Before the digital revolution, which started in the 1960s, sound was predominantly recorded by etching the pressure waveform on a physical medium. During playback the etched waveform was tracked and converted to vibrations of a diaphragm. This is a beautiful idea, and you will be amazed to know that the quality was very good. To know more try seeing this video.

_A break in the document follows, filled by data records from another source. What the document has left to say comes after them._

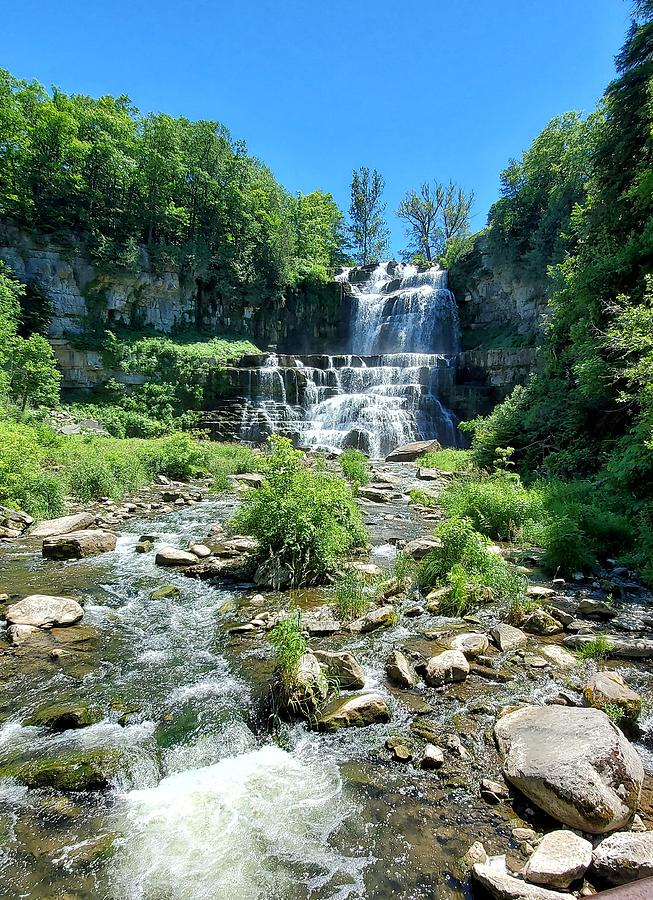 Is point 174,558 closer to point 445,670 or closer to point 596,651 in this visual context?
point 445,670

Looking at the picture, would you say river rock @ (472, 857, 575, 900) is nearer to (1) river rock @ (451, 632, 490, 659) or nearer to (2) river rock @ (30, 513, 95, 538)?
(1) river rock @ (451, 632, 490, 659)

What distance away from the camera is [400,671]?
450cm

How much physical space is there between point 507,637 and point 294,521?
340 centimetres

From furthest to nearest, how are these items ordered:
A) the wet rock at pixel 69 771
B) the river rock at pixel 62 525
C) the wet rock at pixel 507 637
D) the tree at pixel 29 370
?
the tree at pixel 29 370
the river rock at pixel 62 525
the wet rock at pixel 507 637
the wet rock at pixel 69 771

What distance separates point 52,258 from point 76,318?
12.9 ft

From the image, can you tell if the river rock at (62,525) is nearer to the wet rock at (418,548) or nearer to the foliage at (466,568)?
the wet rock at (418,548)

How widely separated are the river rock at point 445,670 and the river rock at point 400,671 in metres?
0.15

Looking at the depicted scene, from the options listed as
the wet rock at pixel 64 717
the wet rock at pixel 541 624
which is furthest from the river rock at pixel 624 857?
the wet rock at pixel 64 717

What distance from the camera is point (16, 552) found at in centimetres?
858

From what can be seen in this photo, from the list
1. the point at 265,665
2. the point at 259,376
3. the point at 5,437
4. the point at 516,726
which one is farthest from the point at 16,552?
the point at 259,376

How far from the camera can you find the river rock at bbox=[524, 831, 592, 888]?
7.77 ft

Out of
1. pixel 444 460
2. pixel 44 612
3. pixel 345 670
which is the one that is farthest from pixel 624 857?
pixel 444 460

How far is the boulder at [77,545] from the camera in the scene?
8453mm

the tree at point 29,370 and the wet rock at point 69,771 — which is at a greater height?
the tree at point 29,370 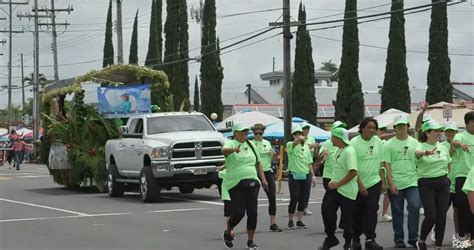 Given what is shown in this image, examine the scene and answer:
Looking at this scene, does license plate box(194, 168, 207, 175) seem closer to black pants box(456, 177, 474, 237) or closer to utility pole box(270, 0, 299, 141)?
black pants box(456, 177, 474, 237)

In current times, having witnessed the digital revolution, sound signals are stored as discrete sequences of numbers in physical mediums such as semiconductors. This approach is more efficient compared to vinyl records, and hence, have made the capture and playback of sound signals easily accessible. Your mobile phone does it every time you are talking on the phone. When it comes to digital capture of an analogue signal, following needs some understanding,

sampling frequency (fs): As the name implies, it refers to picking a few samples from a continuous-time signal (or waveform). Sampling frequency refers to the number of samples you pick per second, samples being spaced uniformly apart in time. Obviously, while you are sampling you are also discarding a lot. Is there a critical sampling frequency when the discarding is not going to hurt you? Yes, and this rate is referred to as the Nyquist-rate. It is equal to the twice the maximum frequency content in the continuous-time signal you are interested to sample. In our case this signal of interest is sound, and a good choice of fs is 48 kHz for music signals and 16 kHz for speech signals. A beautiful illustration of this is provided here and more details here
quantization: Once we have sampled in time, the next step is to store the amplitude values taken by the signal at the sampled time instants. These amplitude values will be stored in the computer (or more specifically, disk drives) and this storage has a finite resolution for storing a number decided by the number of bits used to represent a number. These bits can be n = 2,4,8, 16, 32, etc. For n bits, the resolution is (1/(2^n-1)). So, more the number of bits, higher is the resolution and hence, the representation (or storage) of the number in the memory of the computer will be more accurate. Sound (or audio) is usually stored at 16-bits. For more details you can read this).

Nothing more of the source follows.